Data supplied.
---*---
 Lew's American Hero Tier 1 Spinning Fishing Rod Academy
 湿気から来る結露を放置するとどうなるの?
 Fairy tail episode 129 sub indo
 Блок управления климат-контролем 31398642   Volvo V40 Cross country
---*---
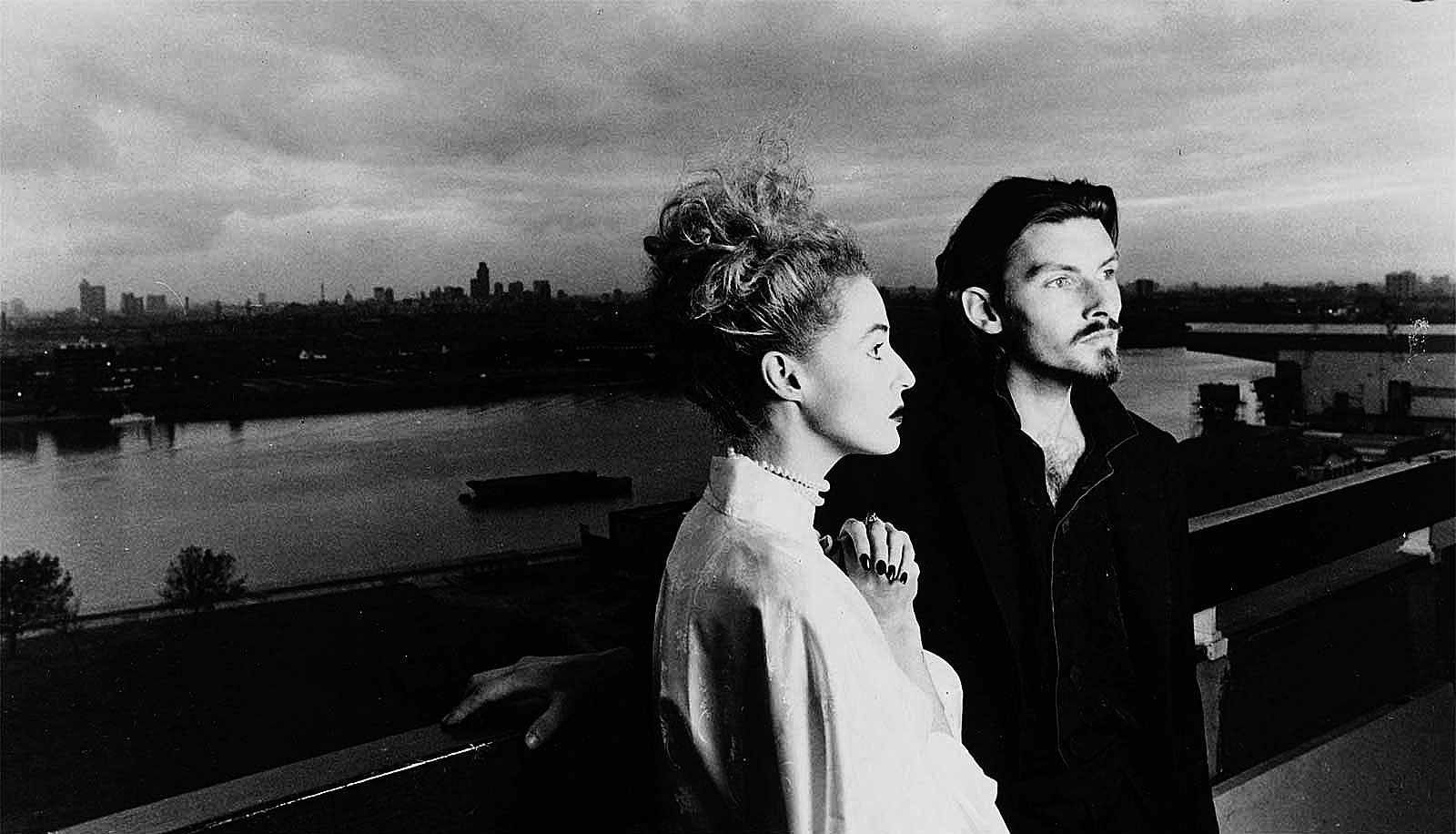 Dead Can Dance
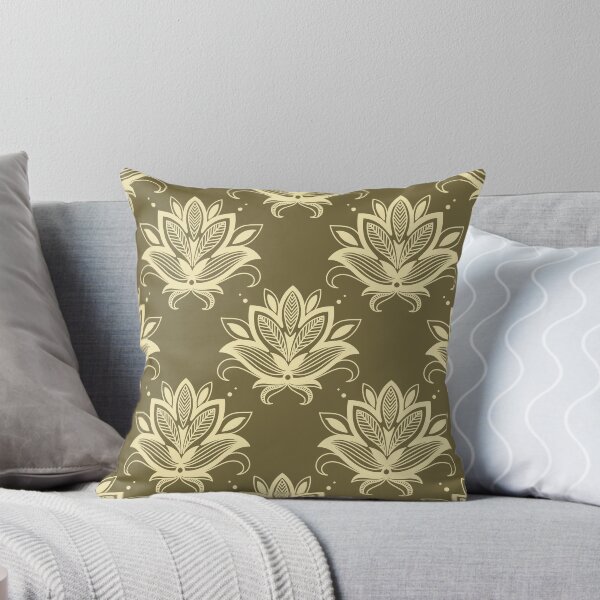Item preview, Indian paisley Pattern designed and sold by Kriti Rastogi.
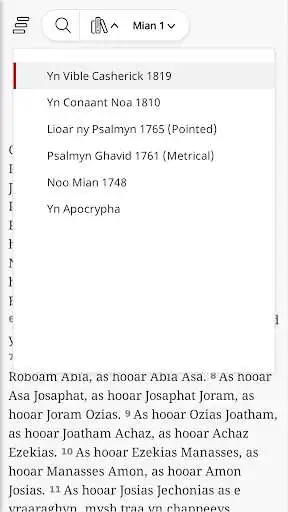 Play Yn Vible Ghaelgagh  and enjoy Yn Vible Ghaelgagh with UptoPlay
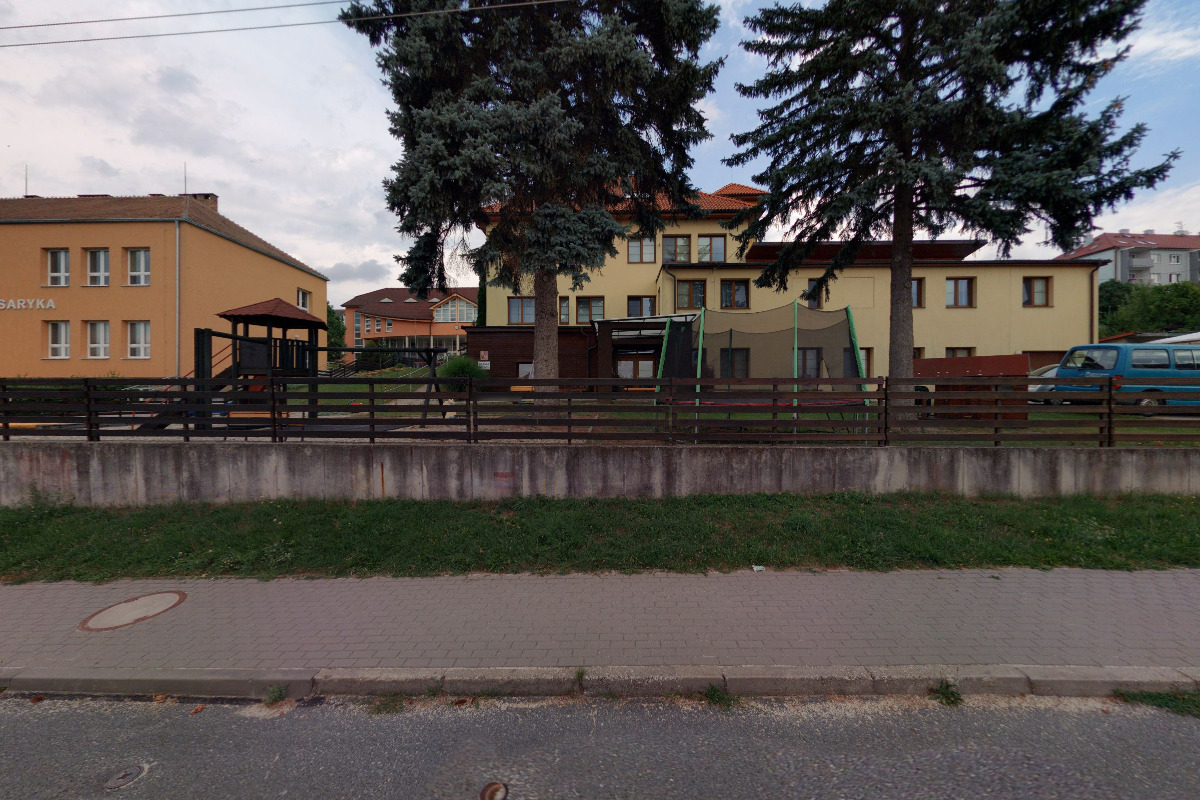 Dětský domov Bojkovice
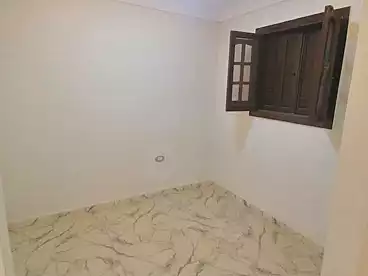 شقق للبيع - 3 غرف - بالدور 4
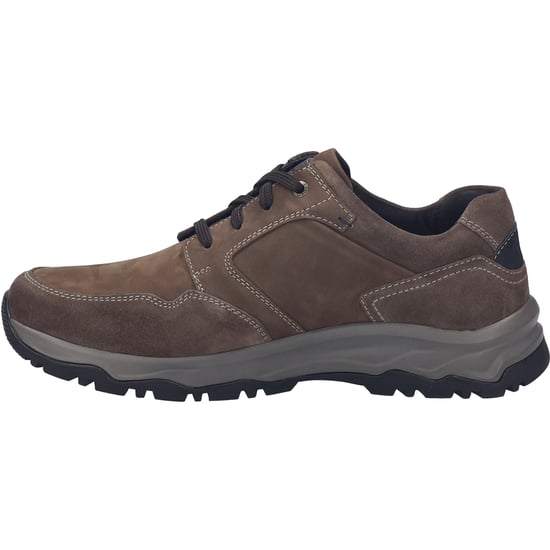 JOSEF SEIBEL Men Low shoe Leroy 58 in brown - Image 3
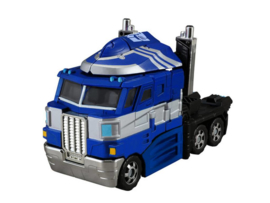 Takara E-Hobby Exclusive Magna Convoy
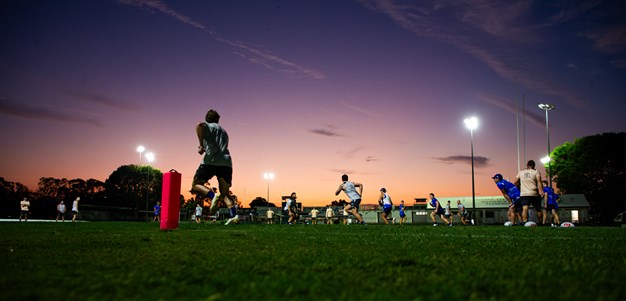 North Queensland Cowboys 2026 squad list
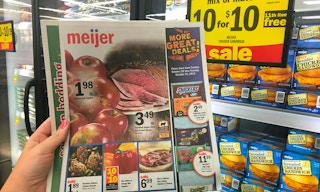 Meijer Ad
---*---
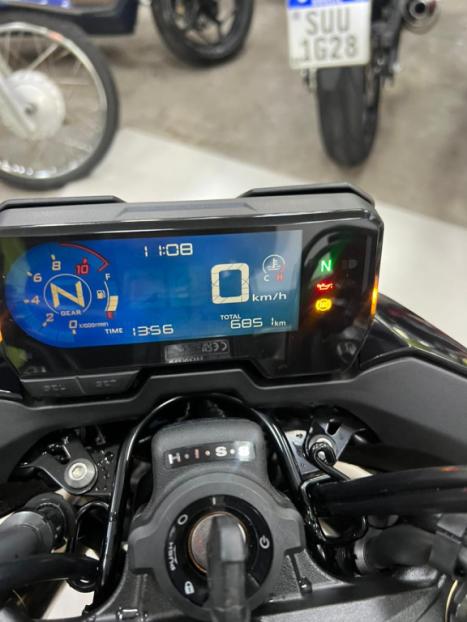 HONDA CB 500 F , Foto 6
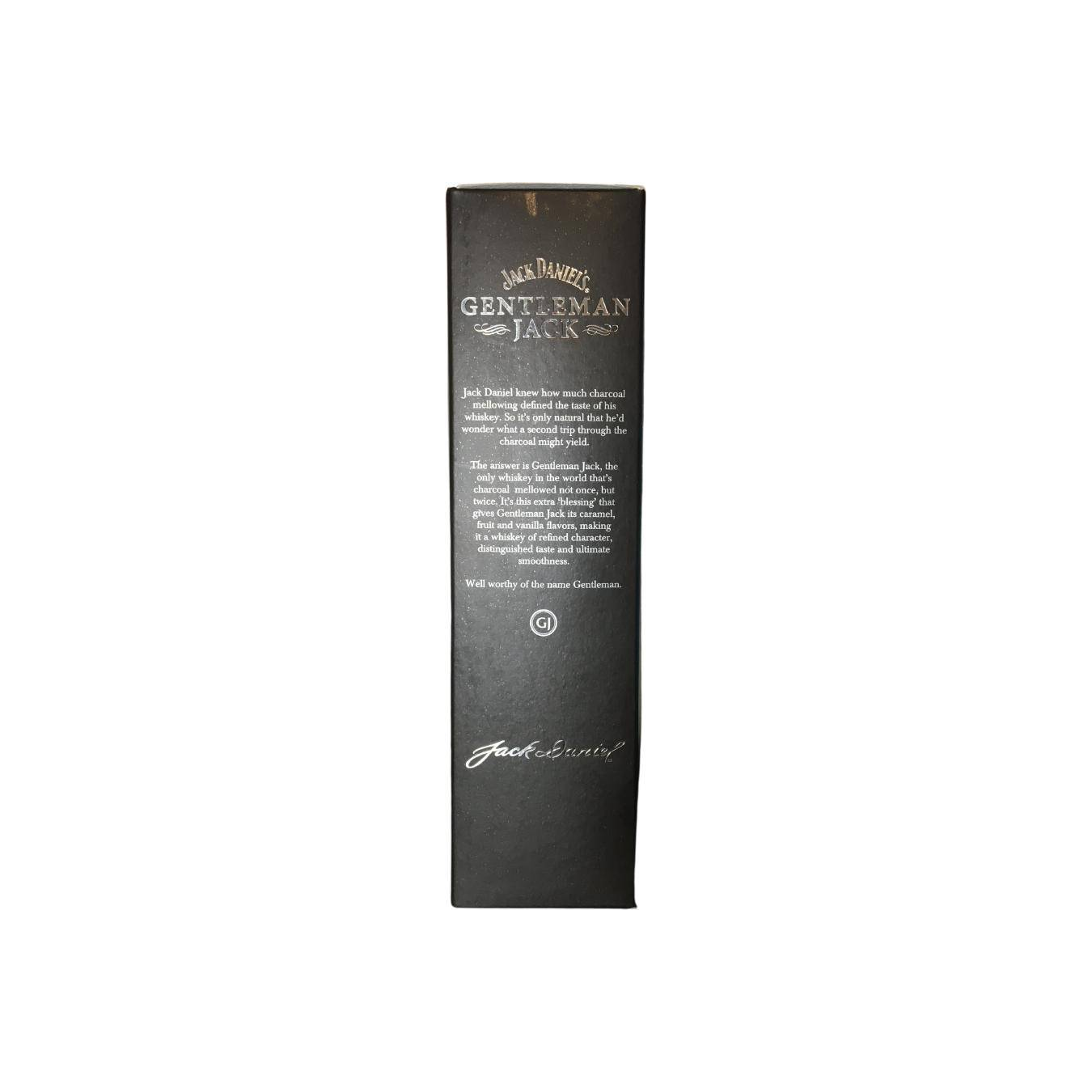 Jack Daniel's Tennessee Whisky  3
---*---
Exercise aim. Print, word for word, the lines above that run from the line containing "HONDA CB 500 F , Foto 6" to the line containing "Jack Daniel's Tennessee", both included. Keep the pictures out.

Task solution.
 HONDA CB 500 F , Foto 6
 Jack Daniel's Tennessee Whisky  3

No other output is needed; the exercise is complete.